[Extracted data]:
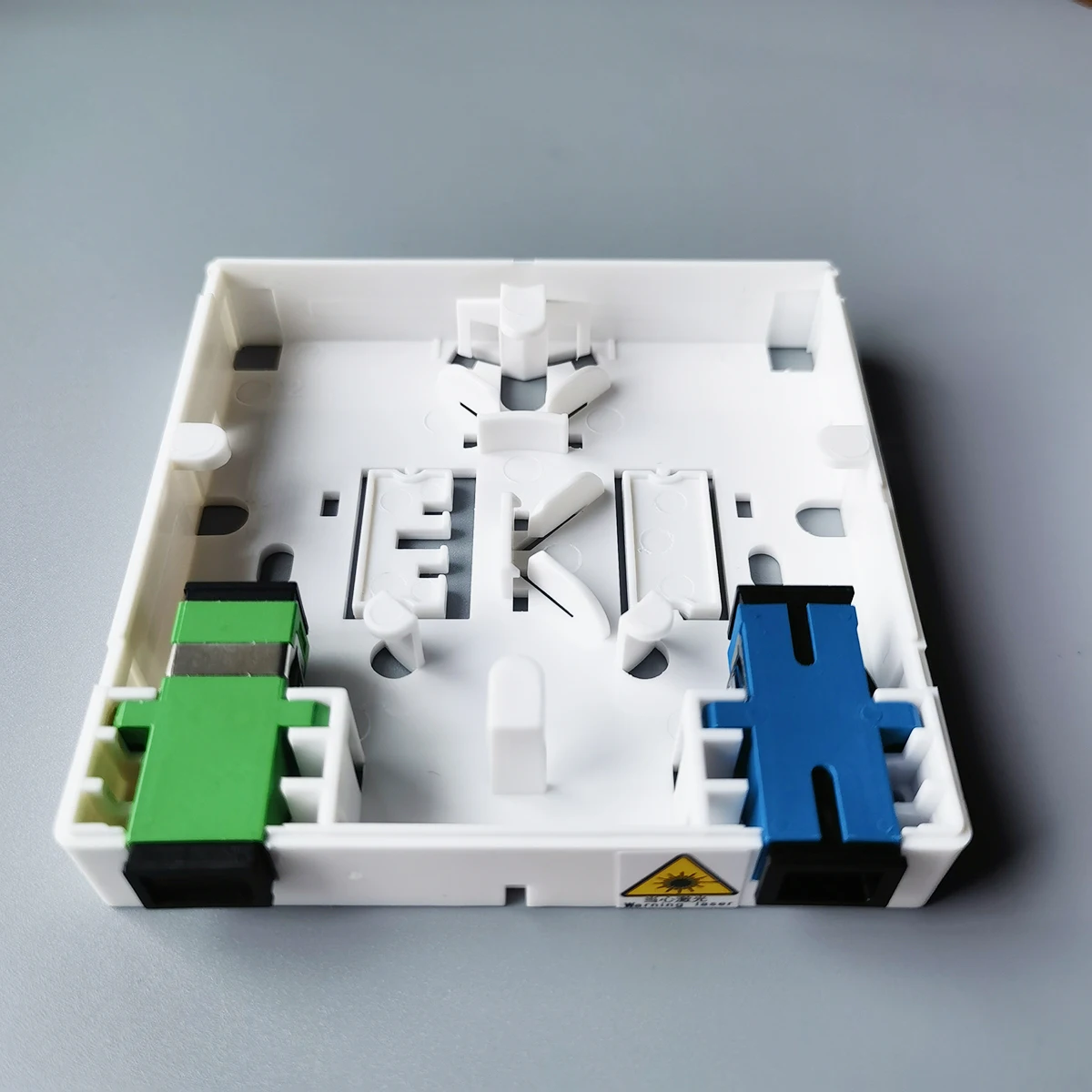 Glasvezelpaneel Optische terminal Wandmontage Aansluitdoos Netwerkkabelaansluiting SC Vezelcombinatie 86-informatie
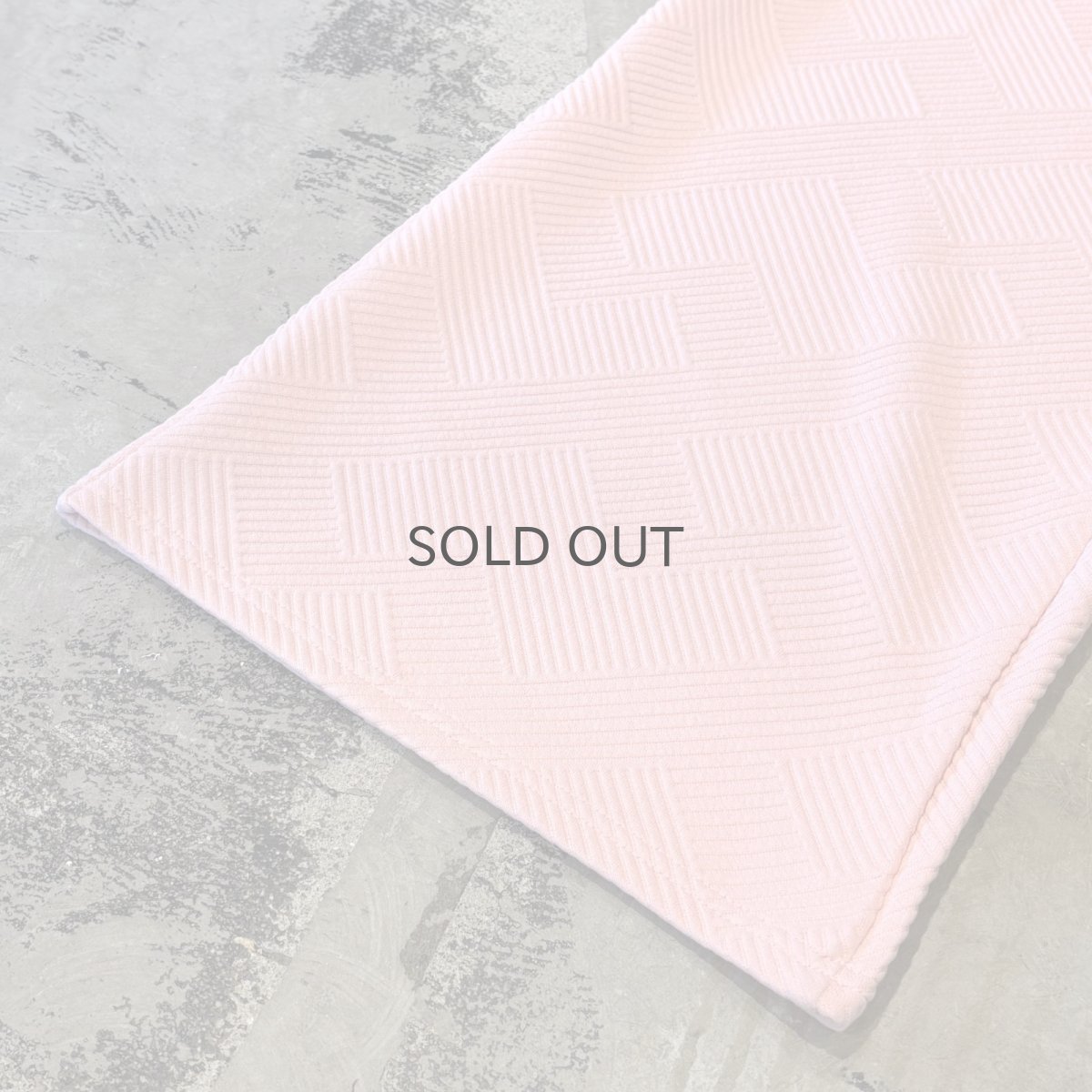 画像8: PINK COLOR 3D PATTERN WIDE SILHOUETTE PANTS / W30~FREE (8)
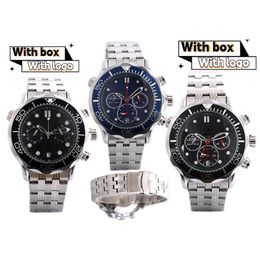 Designer Luxury Watch Watchs Version originale de haute qualité, 6 broches Running Second Band Business Full Automatic Mechanical Imperproof Watch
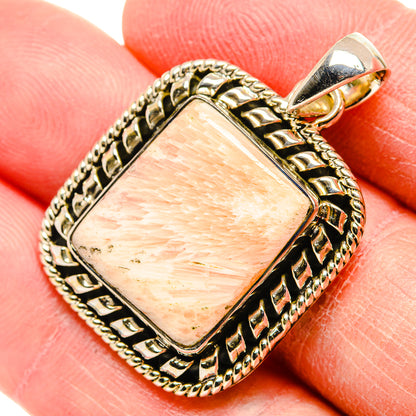 Scolecite Pendants handcrafted by Ana Silver Co - PD34469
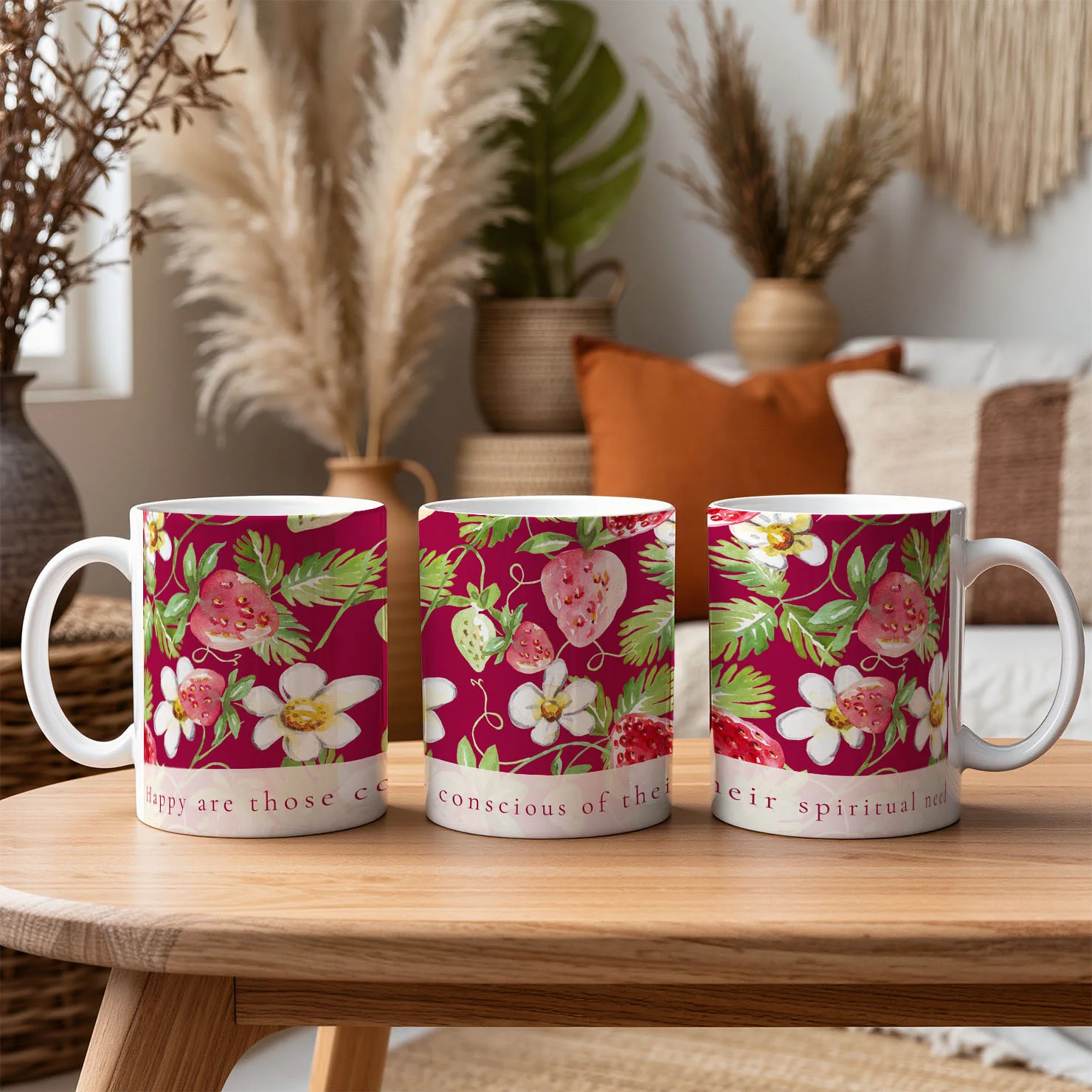 Year Text 2026 "Happy Are Those Conscious of Their Spiritual Need" Mug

[Try it]:
Give the data again exactly as it stands, apart from the pictures.

[Output of the exercise]:
 Glasvezelpaneel Optische terminal Wandmontage Aansluitdoos Netwerkkabelaansluiting SC Vezelcombinatie 86-informatie
 画像8: PINK COLOR 3D PATTERN WIDE SILHOUETTE PANTS / W30~FREE (8)
 Designer Luxury Watch Watchs Version originale de haute qualité, 6 broches Running Second Band Business Full Automatic Mechanical Imperproof Watch
 Scolecite Pendants handcrafted by Ana Silver Co - PD34469
 Year Text 2026 "Happy Are Those Conscious of Their Spiritual Need" Mug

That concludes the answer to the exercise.